Cette première approche, je décidai de l’approfondir en rédigeant une thèse de doctorat, sous la direction de Gabriel Vahanian, sur la construction d’un objet théorique destiné à nourrir une réflexion pratique sur les programmes des émissions protestantes à la télévision. Ce travail m’a permis de mettre en évidence un héritage protestant de la Nouvelle Vague des années soixante en explorant les notions de « caméra-stylo » (Alexandre Astruc) et « d’essai critique » (Roger Leenhardt) ainsi qu’une manière de faire du cinéma où l’écriture fait corps avec l’image (Jean-Luc Godard).

Détournement

Le 500e anniversaire de la naissance de Jean Calvin (1509-1564), en 2009, fut l’occasion de proposer une exposition d’art conceptuel, en association avec mon père Bernard François, peintre influencé par l’hyperréalisme, avec qui nous avons conçu une quinzaine d’œuvres. La proposition est un ensemble d’images-citations avec du texte intégré à l’image. La couleur dominante en est le bleu (couleur préférée de Calvin); outre Calvin, on y croise Marot, Barth, Ellul, Vahanian, Ricœur, Godard, et l’on y pratique de manière ludique le détournement, la substitution et l’imitation : Dürer, Van Gogh, Mondrian, René Magritte, Yves Klein, etc. sont implicitement cités.

Traces

À l’occasion des 500 ans du protestantisme, j’ai souhaité proposer une exposition d’art conceptuel donnant à voir, sous la forme de photographies grand format, avec du texte, les traces du protestantisme luthéro-réformé en Alsace-Moselle, territoire concordataire au protestantisme à dominante luthérienne (regroupant 225 000 paroissiens en 247 paroisses). L’essentiel de l’exposition a été réalisé en collaboration avec la photographe Elisabeth Schlenk. Historiquement, le protestantisme de langue française a toujours eu une certaine réticence quant à l’utilisation des images : c’est la raison pour laquelle, perspective inversée, cette exposition propose un regard ludique et bienveillant des images contemporaines sur le protestantisme.
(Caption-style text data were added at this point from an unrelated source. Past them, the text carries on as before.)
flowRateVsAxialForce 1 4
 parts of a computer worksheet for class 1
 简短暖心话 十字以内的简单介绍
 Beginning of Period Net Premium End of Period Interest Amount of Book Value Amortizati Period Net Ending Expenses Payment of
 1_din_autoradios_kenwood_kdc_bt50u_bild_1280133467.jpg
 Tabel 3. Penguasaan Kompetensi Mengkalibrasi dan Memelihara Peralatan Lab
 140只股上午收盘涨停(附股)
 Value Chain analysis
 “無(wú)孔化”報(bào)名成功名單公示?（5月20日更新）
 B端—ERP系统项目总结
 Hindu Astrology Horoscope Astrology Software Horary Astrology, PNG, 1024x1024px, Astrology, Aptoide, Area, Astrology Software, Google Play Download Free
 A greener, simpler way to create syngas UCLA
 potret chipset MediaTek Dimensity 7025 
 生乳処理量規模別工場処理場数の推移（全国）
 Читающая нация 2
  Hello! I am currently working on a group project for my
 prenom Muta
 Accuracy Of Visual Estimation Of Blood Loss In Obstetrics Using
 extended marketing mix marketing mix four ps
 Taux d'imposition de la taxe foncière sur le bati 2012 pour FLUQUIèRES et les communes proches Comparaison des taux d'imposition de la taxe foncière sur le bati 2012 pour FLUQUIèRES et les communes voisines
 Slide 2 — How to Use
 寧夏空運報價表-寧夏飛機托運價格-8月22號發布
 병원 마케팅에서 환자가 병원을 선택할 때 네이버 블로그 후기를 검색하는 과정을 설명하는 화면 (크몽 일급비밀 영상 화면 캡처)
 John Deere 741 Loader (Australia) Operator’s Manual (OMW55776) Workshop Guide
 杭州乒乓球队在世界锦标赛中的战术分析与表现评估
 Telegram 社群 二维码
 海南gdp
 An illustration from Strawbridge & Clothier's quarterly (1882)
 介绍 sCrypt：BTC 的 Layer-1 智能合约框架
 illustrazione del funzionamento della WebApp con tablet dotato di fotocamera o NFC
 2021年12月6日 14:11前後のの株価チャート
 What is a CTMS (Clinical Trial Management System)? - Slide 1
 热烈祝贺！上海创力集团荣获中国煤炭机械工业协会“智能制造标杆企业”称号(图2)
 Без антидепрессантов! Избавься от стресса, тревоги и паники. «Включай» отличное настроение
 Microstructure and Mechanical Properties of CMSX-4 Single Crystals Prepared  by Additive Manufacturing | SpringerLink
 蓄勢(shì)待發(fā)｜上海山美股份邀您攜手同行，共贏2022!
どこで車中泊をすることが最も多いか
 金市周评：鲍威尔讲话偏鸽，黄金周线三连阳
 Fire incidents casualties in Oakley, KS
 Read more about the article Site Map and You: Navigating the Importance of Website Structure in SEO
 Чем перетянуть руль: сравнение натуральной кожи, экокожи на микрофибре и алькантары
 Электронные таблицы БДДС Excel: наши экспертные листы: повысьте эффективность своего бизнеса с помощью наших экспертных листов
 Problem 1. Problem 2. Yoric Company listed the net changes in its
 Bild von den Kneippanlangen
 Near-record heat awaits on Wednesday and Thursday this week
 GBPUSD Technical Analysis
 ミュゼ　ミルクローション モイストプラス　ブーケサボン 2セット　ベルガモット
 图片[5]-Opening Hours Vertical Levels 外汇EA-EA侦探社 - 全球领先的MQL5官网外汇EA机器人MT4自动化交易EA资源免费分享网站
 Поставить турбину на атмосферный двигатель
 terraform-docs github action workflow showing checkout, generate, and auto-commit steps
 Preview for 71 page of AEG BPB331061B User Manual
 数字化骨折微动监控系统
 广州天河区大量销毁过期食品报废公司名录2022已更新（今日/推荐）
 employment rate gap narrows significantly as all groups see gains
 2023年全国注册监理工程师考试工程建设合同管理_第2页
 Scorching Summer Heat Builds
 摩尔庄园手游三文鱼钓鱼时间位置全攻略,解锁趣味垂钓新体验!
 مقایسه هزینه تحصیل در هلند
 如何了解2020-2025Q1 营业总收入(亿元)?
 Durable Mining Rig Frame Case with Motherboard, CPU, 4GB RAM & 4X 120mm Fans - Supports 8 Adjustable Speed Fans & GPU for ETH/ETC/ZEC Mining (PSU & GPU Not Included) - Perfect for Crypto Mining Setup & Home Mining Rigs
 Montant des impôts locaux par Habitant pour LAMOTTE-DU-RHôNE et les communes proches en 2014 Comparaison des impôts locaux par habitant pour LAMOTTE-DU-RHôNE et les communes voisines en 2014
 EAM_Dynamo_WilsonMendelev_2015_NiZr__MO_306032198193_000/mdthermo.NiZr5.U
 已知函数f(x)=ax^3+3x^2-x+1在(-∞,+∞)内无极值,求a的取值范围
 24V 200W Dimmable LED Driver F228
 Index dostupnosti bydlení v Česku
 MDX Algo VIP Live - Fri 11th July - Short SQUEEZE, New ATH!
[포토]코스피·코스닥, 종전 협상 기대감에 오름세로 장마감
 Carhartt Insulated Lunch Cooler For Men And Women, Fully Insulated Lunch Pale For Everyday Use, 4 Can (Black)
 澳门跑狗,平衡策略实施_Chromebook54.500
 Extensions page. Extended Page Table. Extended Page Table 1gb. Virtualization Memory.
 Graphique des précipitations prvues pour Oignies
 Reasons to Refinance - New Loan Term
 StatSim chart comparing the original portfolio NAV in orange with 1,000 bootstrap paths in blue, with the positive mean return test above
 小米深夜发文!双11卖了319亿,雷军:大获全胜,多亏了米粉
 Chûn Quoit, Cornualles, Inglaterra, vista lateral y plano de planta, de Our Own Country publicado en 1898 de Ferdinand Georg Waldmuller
Cette série d’expositions, qui a démarré à Colmar en juillet 2016 et qui se terminera le dernier week-end du mois d’octobre 2017 au TempleNeuf de Strasbourg à l’occasion de la grande fête du protestantisme, a pour titre générique Luther en automne, allusion à la saison où Luther a rédigé les 95 thèses. C’est aussi un hommage au grand poème du haut-rhinois Jean-Paul de Dadelsen, intitulé Bach en automne (1955), œuvre évoquant le protestantisme alsacien.